WILMINGTON — Back in the fall of 2019, Ashley Kelly stood in front of a classroom full of freshmen at St. Elizabeth High School and talked to them about math.
“I was brand new. I was nervous as can be. I could barely put words together. It was the very first class I ever taught,” Kelly recalled recently.
When she began her second year at the school, Kelly told one of the sophomores, Dominic Mazzzarelli, about how nervous she had been. He told her he couldn’t tell. Now a senior, Mazzarelli nominated Kelly for The Dialog’s Teacher Feature for her outstanding work in the classroom.
“Ms. Kelly is by far my favorite teacher at St. Elizabeth,” Mazzarelli wrote in his nomination. “Every interaction she has with students she either teaches or doesn’t is very special. She is always helping students as much as she can and never fails to make a student happy.”
For Kelly, who left corporate America to get into education, those words leave an impression.
“It’s why I do what I do,” she said. “That’s the kind of thing you keep in mind when the days get long and hard. Not every day is easy, but a moment like that is why we’re here.”
The ability to help shape young lives is what brought Kelly to St. Elizabeth. After graduating from the University of Delaware with a degree in mathematics, she moved to New York and went to work as an analyst for a major retailer. Kelly said the work was fulfilling, “but then one day I woke up and I was like, ‘This is not what I want to do. I’m not helping anybody. I’m not solving the world’s problems. I want to be a teacher.’”
Kelly, 31, started looking for a job in this area, and she saw that St. Elizabeth had an opening for a calculus teacher. She teaches calc, along with just about every math discipline one can name. She teaches geometry to all of the school’s sophomores, and then sees many of them again when they are seniors in one of the honors or advanced-placement classes.
She describes her teaching style as hands-on, with a fondness for projects that help make the subject matter more interesting and relatable. Her geometry classes might play miniature golf to help them understand angles. In statistics, the students take part in a March Madness competition, with everyone’s brackets hung around the room as a way to study probability. A huge sports fan, Kelly also educates about probability through a basketball shooting competition. She also has used Lucky Charms cereal as a teaching tool.
“I try with my seniors to really get them up and moving because I know for some of them it (statistics) is not their ideal math course. How can we bring fun into math? Too often, it’s a subject that people are scared of, or say they’re not good at, and they kind of shut down,” she said.
Kelly said she owes her love of math to a teacher at Avon Grove High School in Chester County, Pa. She was a student in an AP calculus, and the teacher noticed she was not scheduled to take the AP exam.
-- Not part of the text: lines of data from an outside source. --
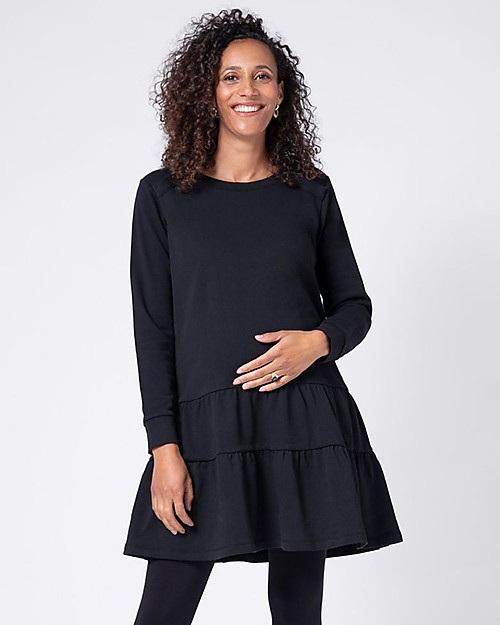 Seraphine Cotton Tiered Maternity & Nursing Tunic - Black Dresses_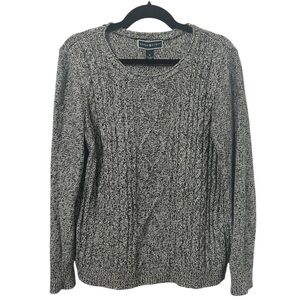 KAREN SCOTT Heathered Gray Cable Knit Sweater Size M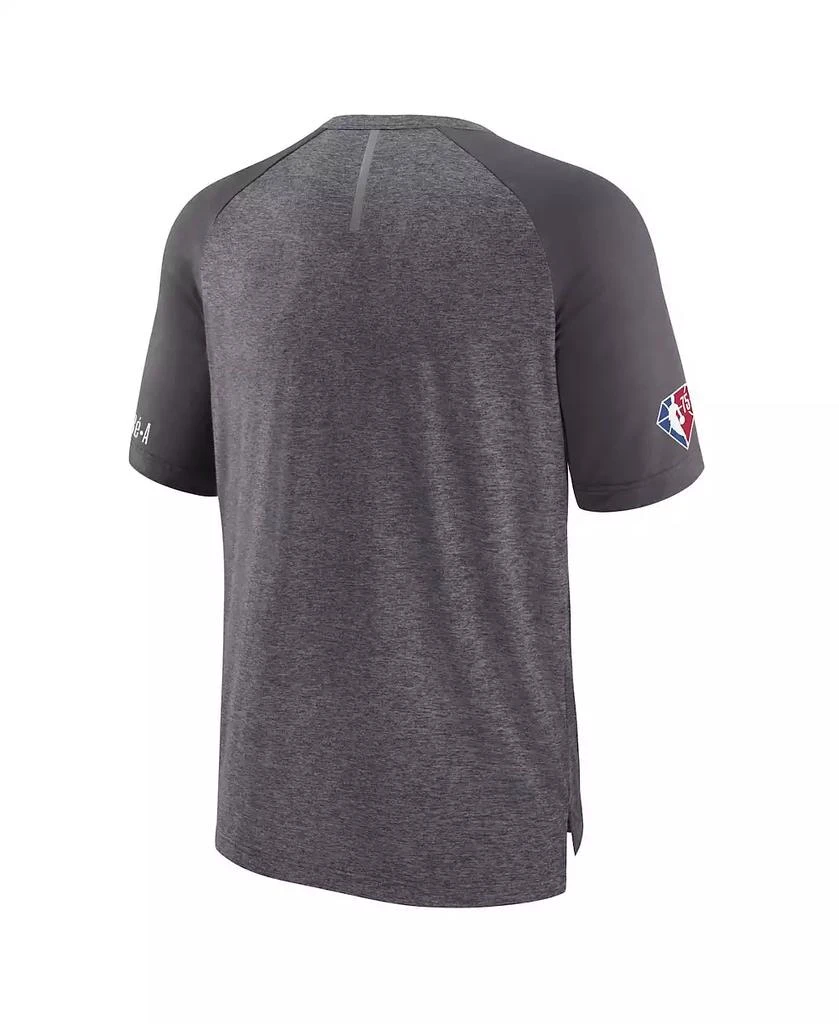 商品Fanatics|Men's Heathered Gray Charlotte Hornets 2022 Noches Ene-Be-A Core Shooting Raglan T-shirt,价格¥301,第4张图片详细描述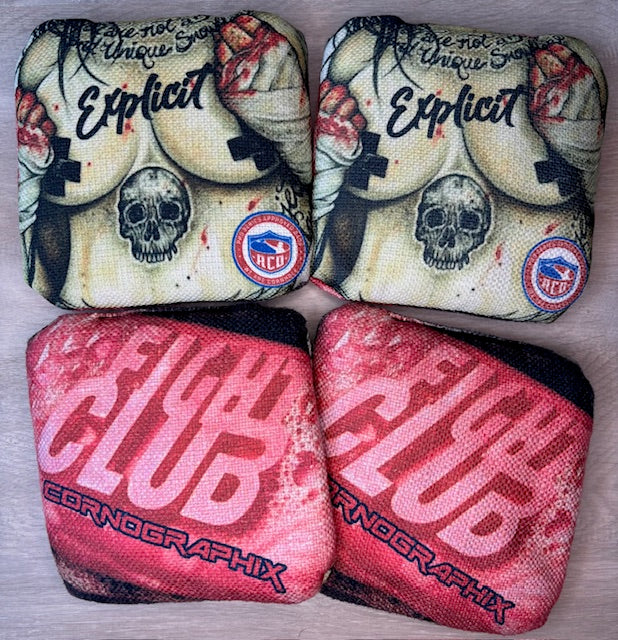 Explicit "Fight Club" ACO Stamped Cornhole Bags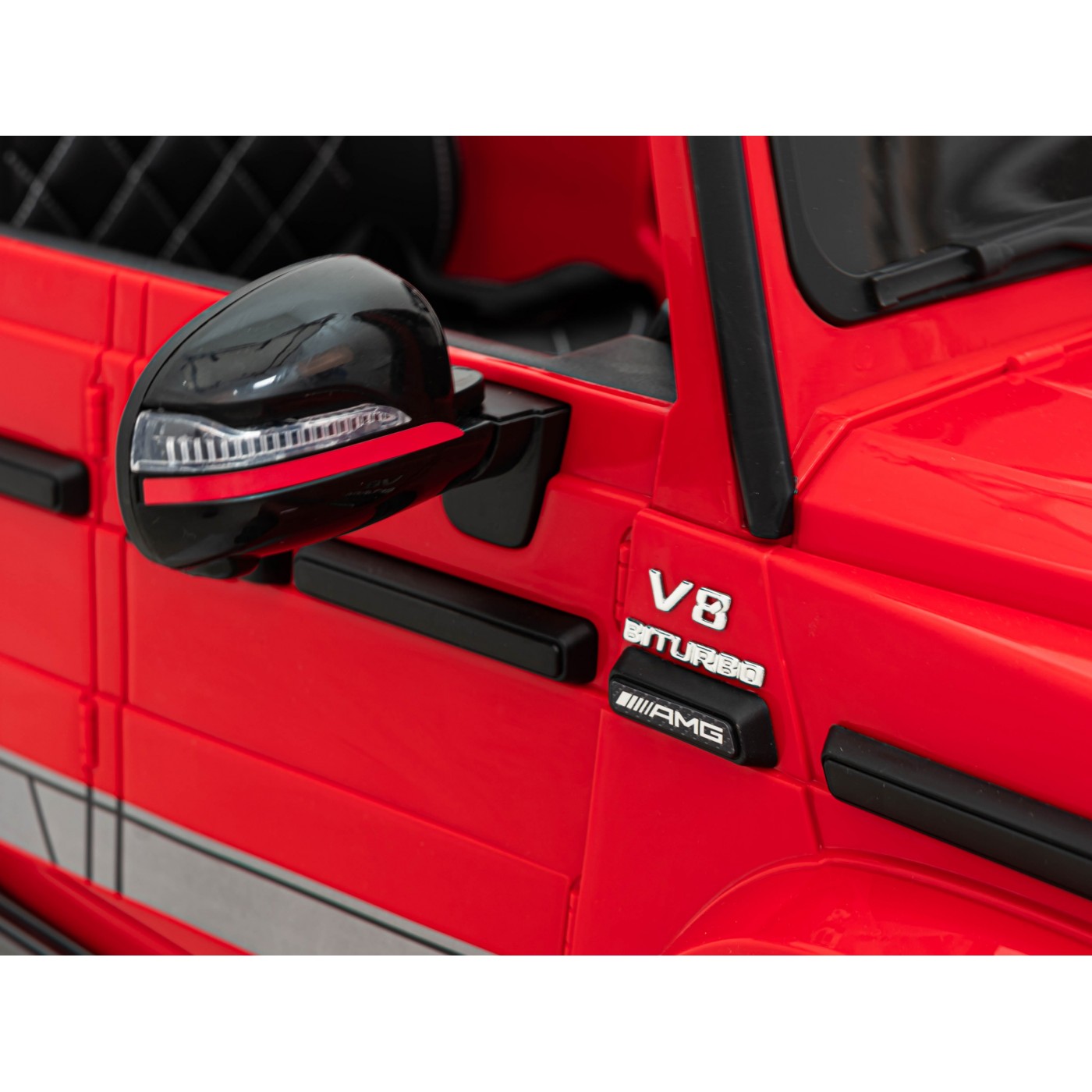 Mercedes AMG G63 pre deti Červený + Ovládač + MP3 LED + Pomalý štart + EVA + Pásy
She told him she was going to be a journalist and was done with math. His reaction has stuck with her ever since.
“He just shook his head and said, ‘What a waste of a mathematical mind.’ He inspires me every year in what I can do in AP calc,” she said.
At St. Elizabeth, her talents are not limited to the classroom. Kelly is the moderator of the National Honor Society, the Math League and Science Olympiad. She is part of the administrative tech team, and she also leads the sophomore class retreat. Last year, she got to scratch the writing itch by working on the literary magazine.
“I love that a small school like St. E helps you do all that,” she said. “The students get to see you in a different light.”
Kelly also keeps busy at home, taking care of a 3-year-old son and a 1-year-old daughter. Her son, Duke, recently started playing soccer, so she is busy attending practices. She likes to hike with her labradoodle, and she attends concerts when she can. In high school, she played the piccolo and flute in the band and would like to take up the flute again at some point. She plays some piano from time to time.
Kelly is a fan of the New Orleans Saints football team, so Mondays at St. Elizabeth usually start with a discussion of how everyone’s favorite teams did. The students are sure to needle her if the Saints lose. She enjoys building that rapport with her students.
“If you can connect with the students, they’ll connect to what they’re learning so much better,” she said.